E ontem o que mais tinha no Porão do Rock eram essas figuras caricatas e foi justamente de uma delas que ganhei uma “voadeira telequete” que fui parar longe. A pancada foi tão forte que pensei que tinha quebrado uma costela e saltei alto como num desenho animado.
O debilóide autista, no auge de sua euforia “peterpanesca”, provavelmente com o rabo cheio de cachaça, estava brincando com os amigos da “dança da porrada” – aquela em que uma turma acéfala dança saltando socando e empurrando uns aos outros – e nem se deu conta do que aconteceu. Quando a fixa caiu para ele, o boboca teve coragem de pedir desculpas e eu só não dei um caratê nele porque não estava com o rabo cheio de cachaça também. Do contrário teria apanhado até morrer.
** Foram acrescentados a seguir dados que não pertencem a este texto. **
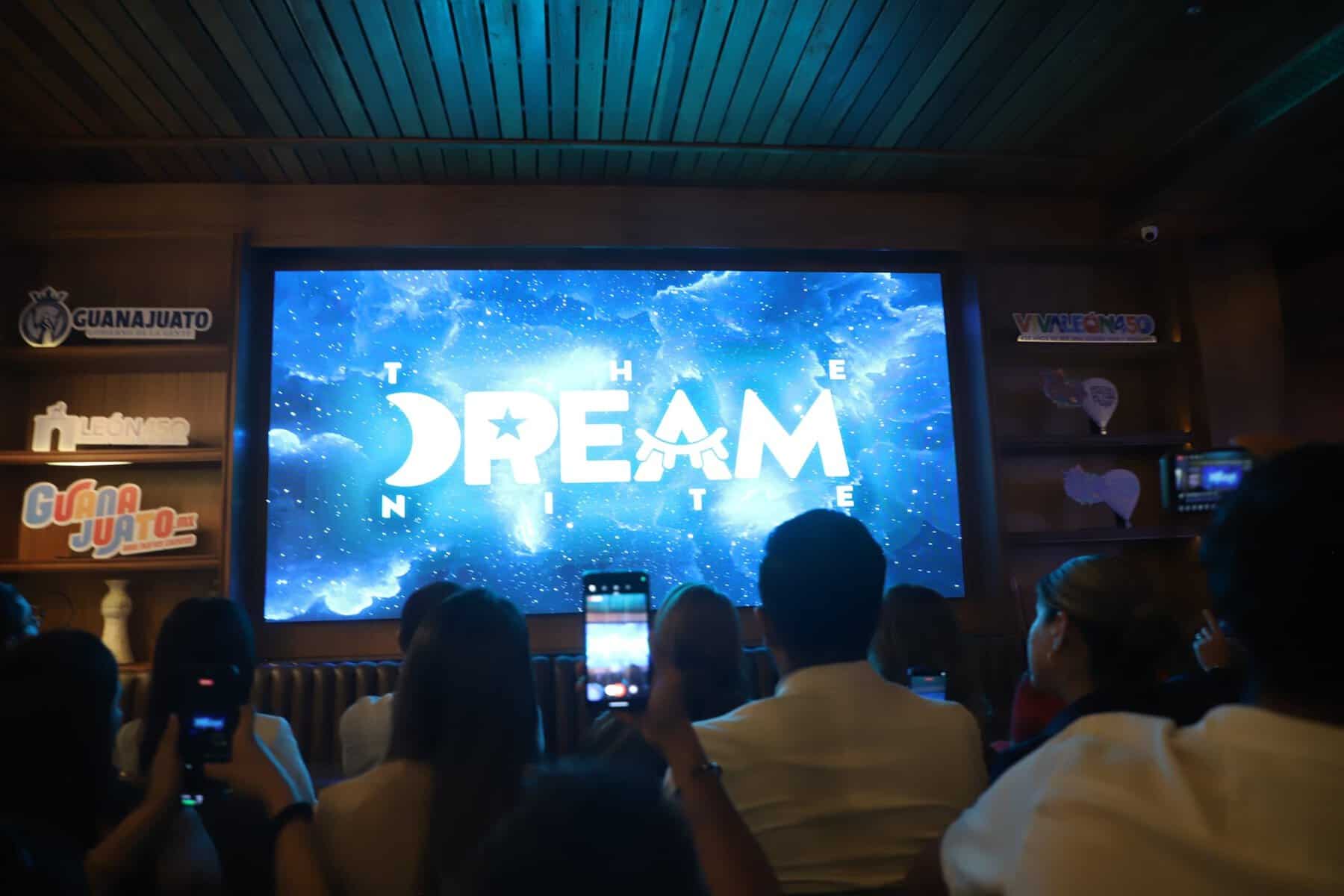 Personas viendo una presentación en una sala con pantalla grande que dice 'The Dream' en León, Guanajuato, México.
Resumo do rock: fiquei com os nervos tão abalados com o episódio que depois topava com todo mundo que entrava na minha frente. Definitivamente estou velho para essas coisas. O estresse foi grande que nem reparei direito nas “metal babies” que passavam aqui e acolá, quase todas com alfinetes na orelha, no nariz e nos olhos, uma visão do inferno.
Quando o susto passou, relembrei dos meus tempos de Bizz ouvindo o som furioso dos capixabas do Dead Fish, o cover honesto dos argentinos metaleiros do Banda de la Morte tocando I wanna be your dog (Stooges), a nostalgia oitentista dos paulistas do Nem Liminha ouviu, a gostosinha vocalista do Leela, enfim, da irreverência do vocalista do Matanza com sua persona Viking.
Mas, como grande parte da garotada nova e velha que estava lá, eu aguardava, não tão ansioso assim, pela principal atração da noite, os meninos do Capital Inicial que, gostem ou não, foram profissionais em cima do palco e agitou o público com canções novas, hinos clássicos de bandas ícones da cidade como Raimundos e Legião Urbana, além de um cover competente do Dinho de White Stripes.
“Galera, pau no cú para esses políticos do Brasil”, disse o inquieto e carismático vocalista do Capital Inicial, dando os dois dedos para cima, nariz de palhaço na cara.
Com certeza não foi o melhor show do Capital Inicial que já fui, mas tudo bem, de graça até injeção na testa. Na próxima edição do Porão do Rock vou tirar minha fantasia do Peter Pan ou do Capitão Gancho do armário. Ou melhor. Na próxima edição do PDR vou de fadinha Sininho. Com piercing no nariz e tudo.